→ The data
·····
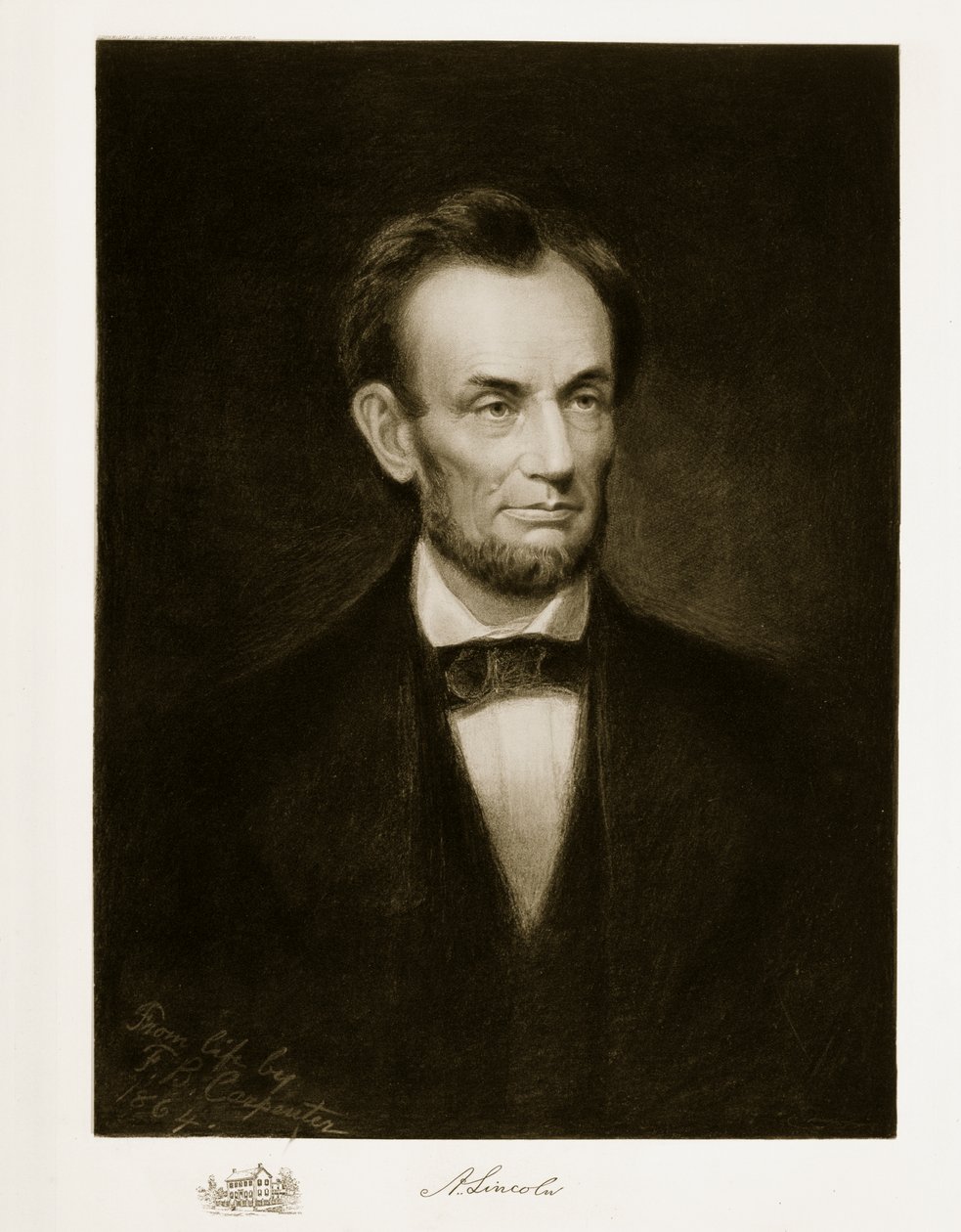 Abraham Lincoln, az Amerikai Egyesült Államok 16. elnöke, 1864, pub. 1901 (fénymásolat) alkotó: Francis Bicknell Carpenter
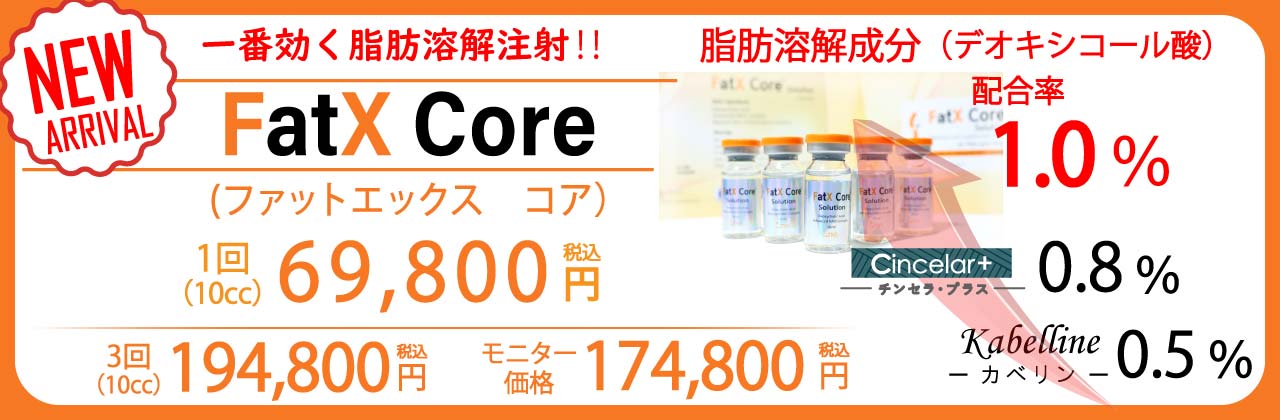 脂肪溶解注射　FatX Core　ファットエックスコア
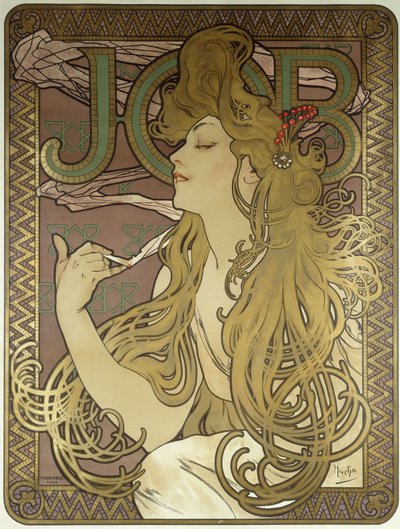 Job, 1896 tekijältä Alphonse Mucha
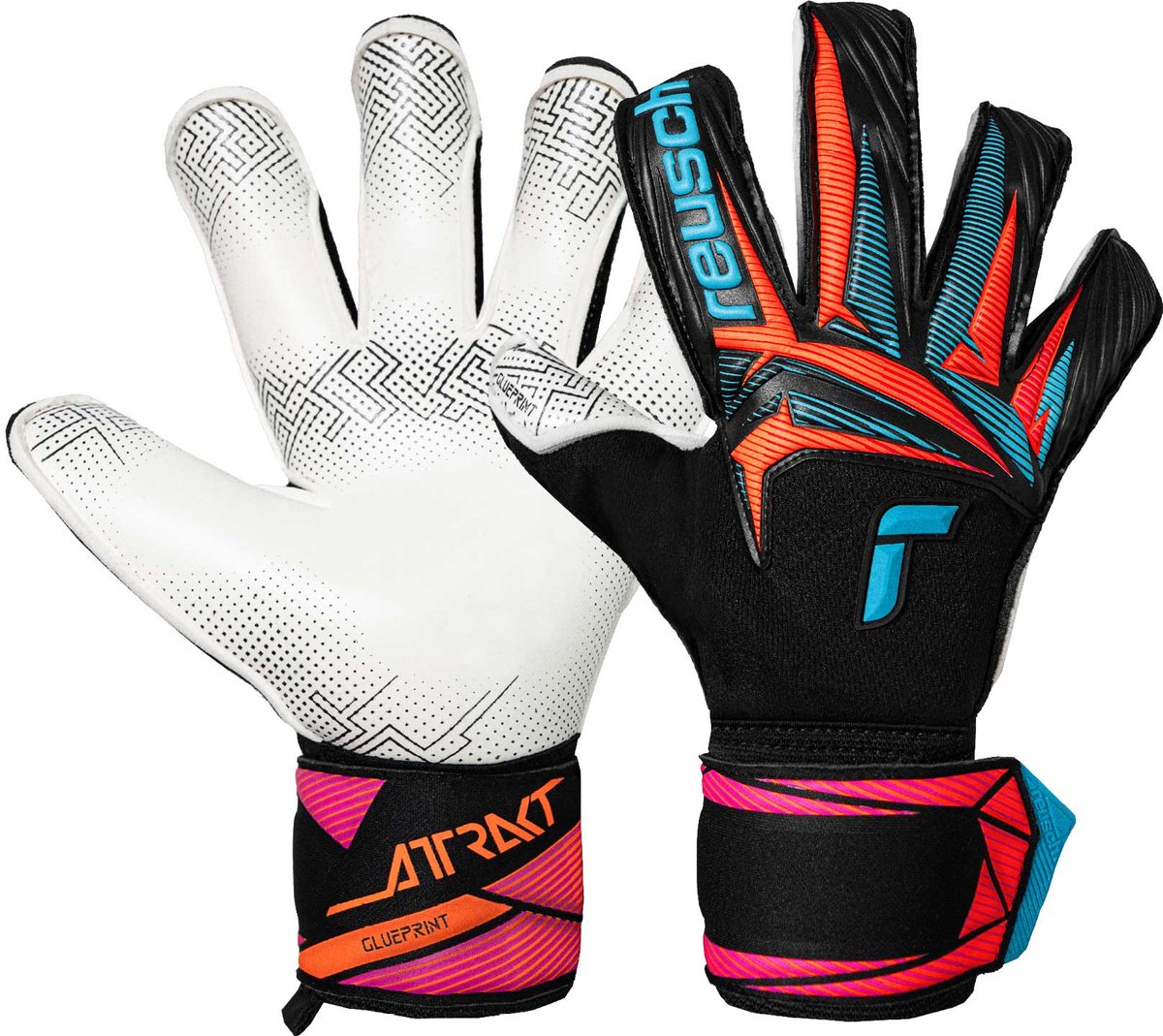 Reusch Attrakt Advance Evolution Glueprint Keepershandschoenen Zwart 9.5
·····
→ Description of the task
Return the material above verbatim, minus the pictures.

→ Exercise output
 Abraham Lincoln, az Amerikai Egyesült Államok 16. elnöke, 1864, pub. 1901 (fénymásolat) alkotó: Francis Bicknell Carpenter
 脂肪溶解注射　FatX Core　ファットエックスコア
 Job, 1896 tekijältä Alphonse Mucha
 Reusch Attrakt Advance Evolution Glueprint Keepershandschoenen Zwart 9.5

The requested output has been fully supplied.